Among higher mathematical concepts, matrix multiplication is one of the most pervasive operations one can find. It’s also one of the least understood.

In an upcoming working group, SFI Omidyar Fellow Josh Grochow and colleagues will try to improve on what mathematicians and computer scientists already know about the subject and, in the process, move toward a deeper understanding of complexity science itself.

Though the name “matrix multiplication” may not be familiar, the idea and its applications likely are. In simplest form, matrices are ways of representing systems of equations as rectangular arrays of variables.

Matrix multiplication refers to methods of manipulating such arrayed systems of equations by taking the solutions of one equation system and using them as the inputs for another system.

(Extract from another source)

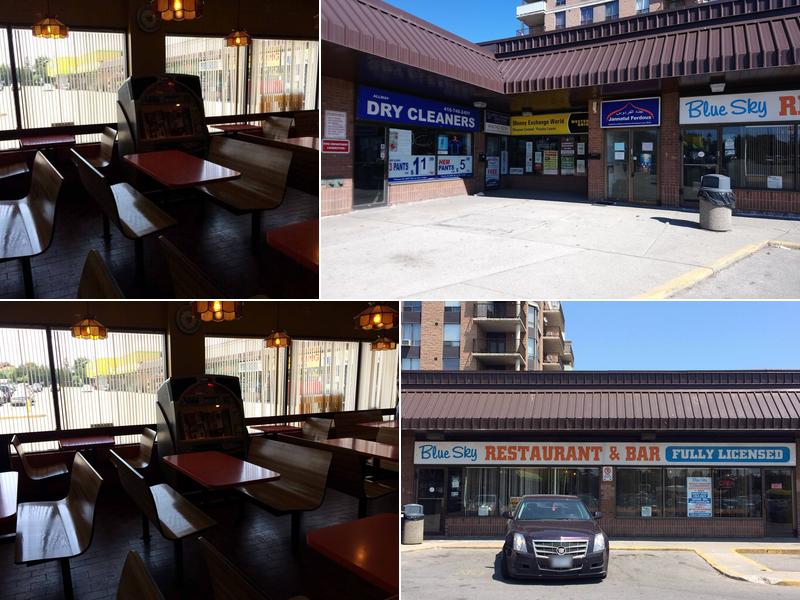 Blue Sky Restaurant And Bar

It turns out that “multiplying” matrices is computationally equivalent to solving such equation systems manually – but offers additional mathematical structure that aids in understanding their complexities.

Biologists use matrix multiplication to study species’ population dynamics; economists use it to predict market behavior; and graphics processing systems use it to play videos, edit photographs, and generate 3D simulations in a variety of applications.

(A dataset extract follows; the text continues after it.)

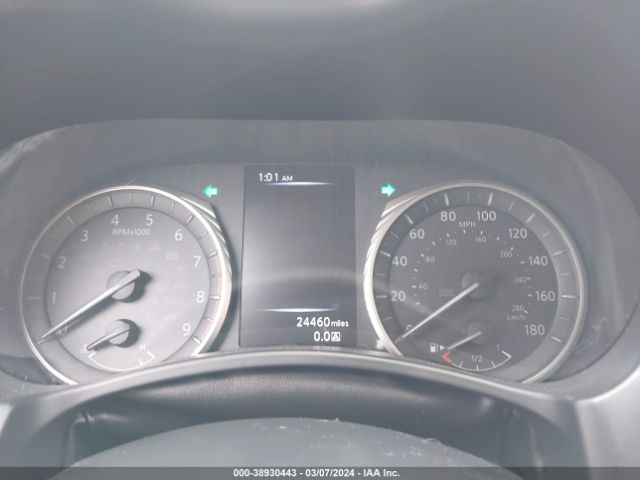 JN1EV7AR6LM250436 Infiniti Q50 Luxe Awd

Computationally speaking, matrix multiplication turns out to be a flagship question in complexity theory, Grochow says, in part because of its ubiquity and the surprise 1969 discovery of a way to beat the brute-force approach solving equation systems variable-by-variable and equation-by-equation.

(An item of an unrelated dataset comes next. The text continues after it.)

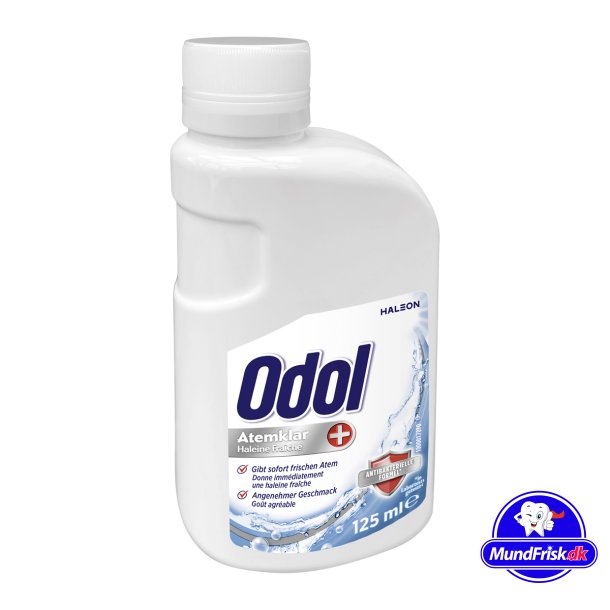Odol Atemklar Plus Konzentriertes Mundwasser 125 ml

“Once people realized they could multiply matrices faster than the naive algorithm,” he says, “it opened up new horizons for computer scientists and engineers.”

In spite of both practical and theoretical progress, however, deeper truths about why the algorithms researchers were discovering worked remained a mystery. Beginning in 2003, Henry Cohn and Christopher Umans proposed using a field of mathematics called group theory to link many of the algorithms together, an idea they realized with help from Robert Kleinberg (Cornell) and Balasz Szegedy (University of Toronto).

“What we’ve been trying to do now is take that framework and push it further,” Grochow says. “Can we use it to get some explanatory power?” If so, it could lead to better algorithms for matrix multiplication, though “the real goal is a better understanding of computational complexity” and complexity science, he says. Cohn (Microsoft Research and MIT), Umans (Caltech), and mathematician Jonah Blasiak (Drexel University) will join Grochow for the working group. Mathematician Thomas Church (Stanford), who has worked with the group before, will join in future discussions.